Throw into the mix the proliferation of personal devices (BYOD) for work-related purposes and you’ve got a potential tinderbox on your hands when it comes to preventing the leakage of sensitive data. Compounding matters is that many (perhaps most) of these personal devices are unmanaged, in that IT either doesn’t even know about them or doesn’t have policies in place to manage what folks are doing work-wise on these devices.
Consider the following scenarios and see if any hit close to home:
- “How can I tell what personally identifiable information (PII) data is stored on OneDrive and how can I automate a clean-up procedure?”
- “Was it Tom, the guy we fired last week, who just now tried to share from his Dropbox account our presentation with lots of competitive information in it with his new colleagues?”
- “Which of the finance guys downloaded the Word file that had our customers’ banking information and account numbers to his personal iPad last night? He wasn’t supposed to do that.”
Nowadays, organizations usually have some kind of on-premise data leak prevention (DLP) solution already in place. Problem is they don’t handle cloud app traffic very well, if at all. The inherent benefits of cloud apps – namely their ready accessibility from anywhere, anytime, from any device (trusted or untrusted) – quickly exposes the limitations of on-prem DLP systems. On-prem DLP systems simply can’t prevent sensitive files from being downloaded to untrusted (i.e., unmanaged) devices. The reverse is also true: they can’t prevent uploads of sensitive files to cloud apps from untrusted devices.
Additionally, cloud storage and collaboration services like Dropbox and Box allow users to share files with external parties in a way that on-prem DLP systems can’t track. The files are already stored in the cloud long before the sharing operation is carried out, and therefore, when a user does share a specific piece of content, it won’t trigger a DLP policy. In essence, legacy DLP systems don’t know when a sharing action took place with an external party because they don’t understand the underlying protocols.

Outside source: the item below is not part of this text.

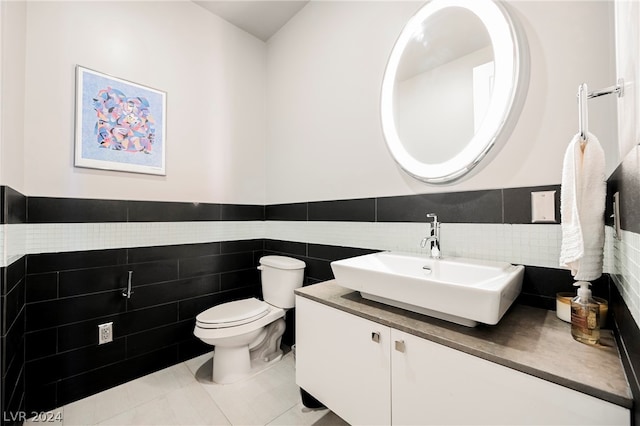 bathroom featuring tile walls, tasteful backsplash, tile floors, and toilet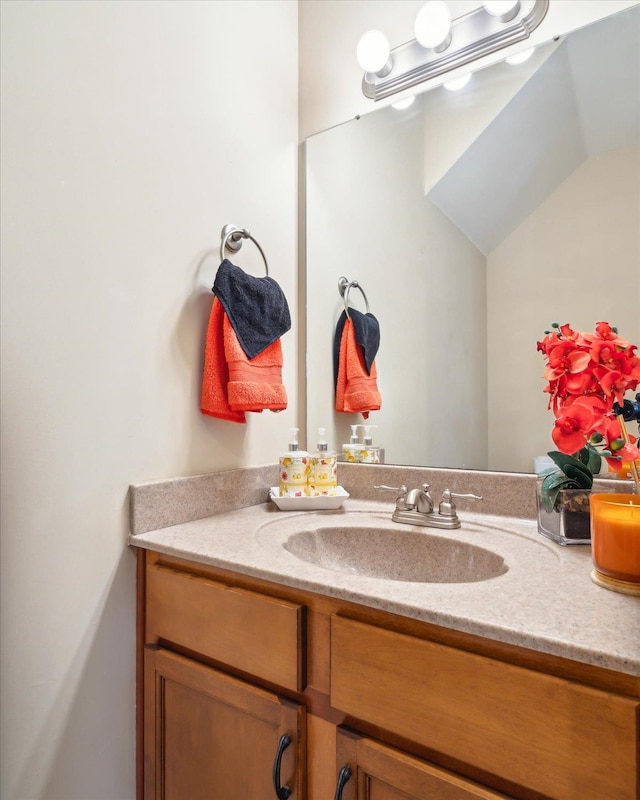 bathroom with vanity and vaulted ceiling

Imperva Skyfence, however, does understand when such an action takes place since it realizes that today’s DLP must also address the cloud and mobile use cases. To do this though requires fundamental changes in how best to secure data that’s sitting in cloud apps. Today, we announced the release of our latest version (v4.5) of the Imperva Skyfence Cloud Gateway, enabling IT to gain more control over their data.
This includes classifying data, stopping data proliferation to unmanaged devices, monitoring high-risk user behavior, and looking for anomalous activity. Skyfence offers much flexibility in policy setting through its support for hundreds of data types out of the box while allowing customers to define their own data types, too, to meet their specific requirements.
Examples of pre-defined data types include support for the most common regulations in effect today, such as SOX, HIPAA, PCI DSS, PII, PHI, and more. Skyfence scans content in real-time, looking for policy violations. Polices can be established based on keywords, regular expressions, dictionaries, and Luhn verifications, to name a few criteria.
Example of a custom policy to block downloads of financial documents to unmanaged devices
In this release, Skyfence also extends traditional DLP to the cloud and mobile arenas by enabling you to leverage your existing DLP infrastructure and policies. Specifically, it integrates with external DLP solutions through the ICAP interface. In effect, Skyfence becomes the policy enforcement point for your cloud apps by applying your existing policies to the cloud app scenarios outlined above.
With all the valuable data stored in the cloud these days, it thus makes sense to extend your existing DLP policies to the cloud. The party’s happening in the cloud and Skyfence is along for the ride, too, except we’re not party-crashers. Think of us as the security detail to make sure everyone and everything stays safe.